La paciencia no parece ser su fuerte. En una esquina se entrevera con otro auto, un Honda último modelo. Los dos deben frenar. Un chico de Pedidos Ya ha colocado su motocicleta delante, lo cual irrita sobremanera al conductor ansioso. Debe ser venezolano, dice. Lo insulta, gesticula y por algún motivo abre la guantera de la camioneta. ¿Un arma? ¿Una identificación? Yo, que voy de ocasional acompañante y ya casi cómplice contra mi voluntad, no tengo idea.

El atasco dura apenas un par de minutos. El motociclista hace malabares y sale en punta, perseguido de cerca por el hombre de los lentes oscuros, que ha cerrado la guantera sin sacar nada de ella. Así llegan al desvío de la avenida Millán. El de Pedidos Ya dobla, nuestro vehículo sigue, hace sonar la bocina para que una peatona apure el paso en una cebra, vuelve a picar, dobla en una esquina a la derecha, luego de algunas cuadras dobla en otra a la izquierda, todo marcha bien, consulta la hora, no tiene apuro.

La realidad, la triste realidad, es que no tiene ningún apuro. Lo confiesa sin pudor: es la adrenalina, dice. Un poco de adrenalina después de soportar al dueño de la casa de repuestos, al jefe y al subjefe y al novio de la hija del gerente. Lo suyo son los fierros, por eso anda a full, al mango, a todo trapo, aunque sea para no llegar a ninguna parte o para llegar a un taller cualquiera, un lugar que para él es como ninguna parte.

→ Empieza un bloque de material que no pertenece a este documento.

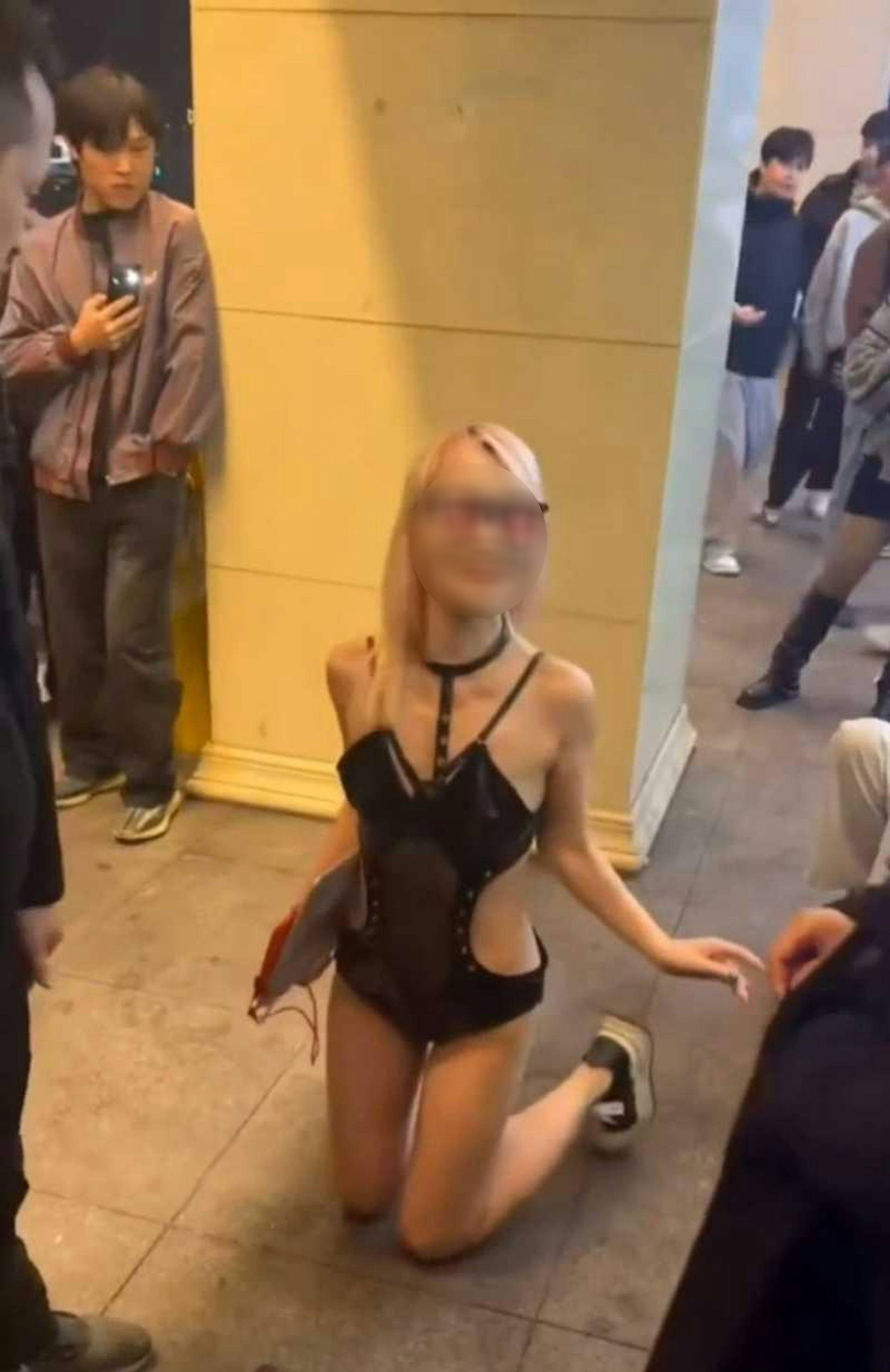 Cặp đôi đã có những hành động nhạy cảm ngay khu vực đông người 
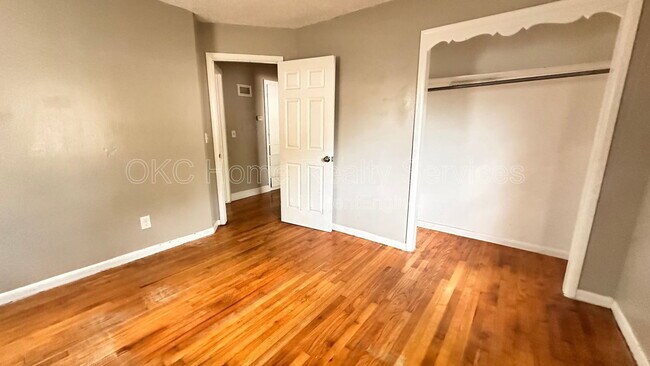 Building Photo - 6808 NW 59th St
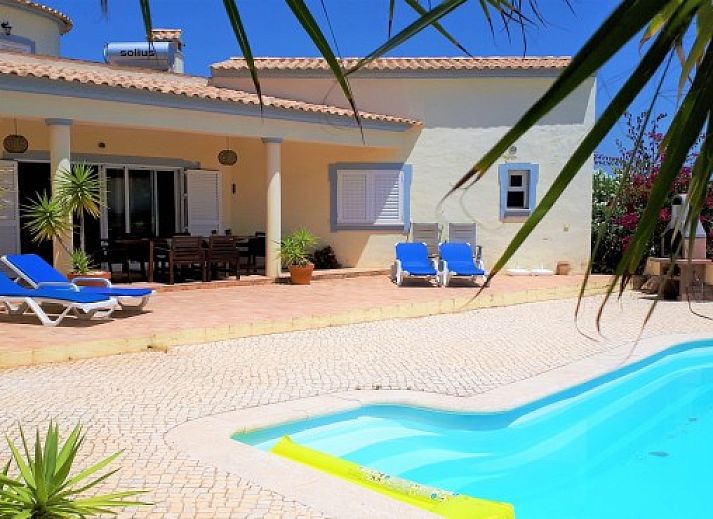 Geniet van het zwembad bij Casa Oliveira, een prachtig vakantiehuis in Moncarapacho, Algarve, omringd door groene natuur.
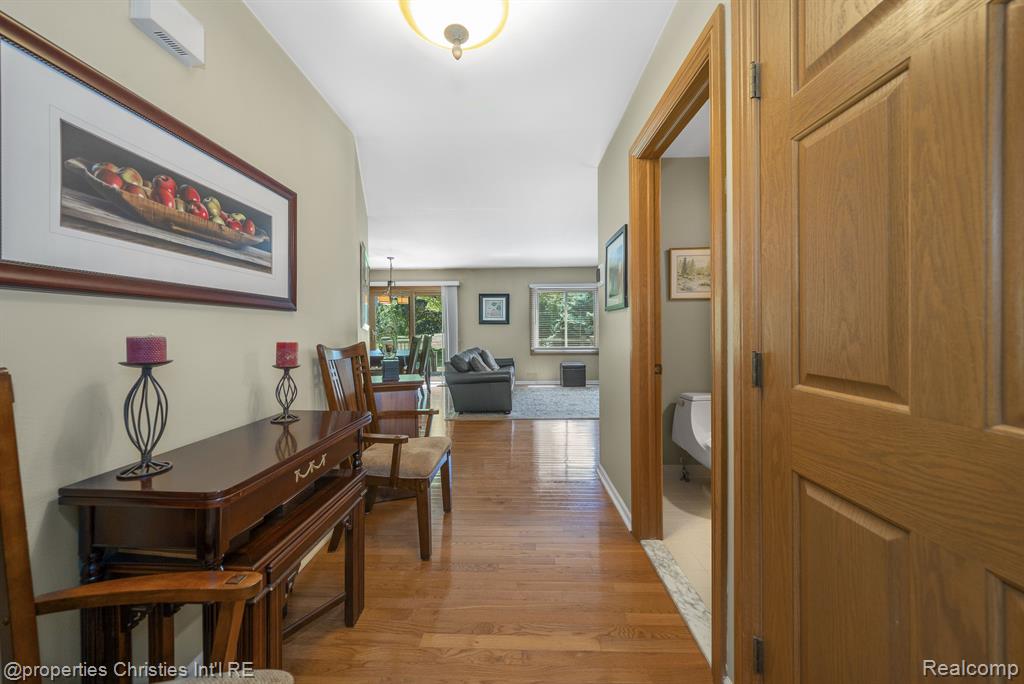 2163 Rochelle Park Drive Rochester Hills, MI 48309 - Photo 7 of 35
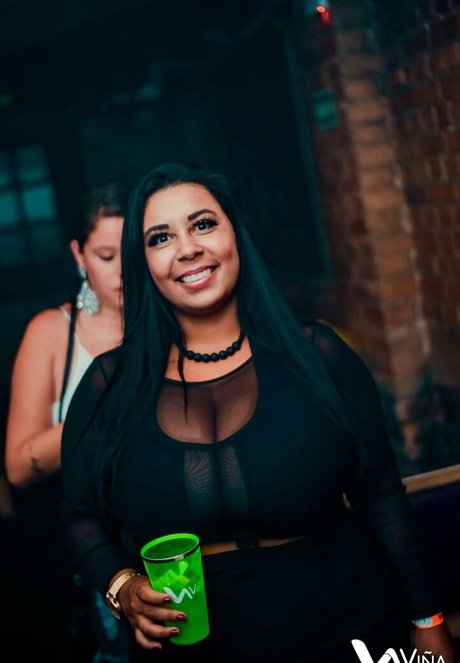 bi anchi00 model nudes archive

Dice, porque está a punto de cruzar Propios en un cruce sin semáforos, que esa es brava y por lo tanto divertida: camiones con acoplado, otros con enormes contenedores refrigerados, ómnibus interdepartamentales, vehículos lujosos (de alta gama, dice). Allá va, se arriesga, no tiene una buena visión de la derecha, hunde el acelerador, hay un chirrido de gomas, la camioneta sale catapultada, cruza Propios con éxito, sigue de largo, sudo, mi corazón resiste. Luego de unas vueltas por fin enfila por Burgues y viene la calma. Es agradable esa parte del recorrido, hay poco tránsito, un par de curvas, un cuartel de lo más prolijo. Luego está el cantero de Hum y la entrada al cementerio del Norte.

Esta vez el hombre de los lentes oscuros sigue de largo.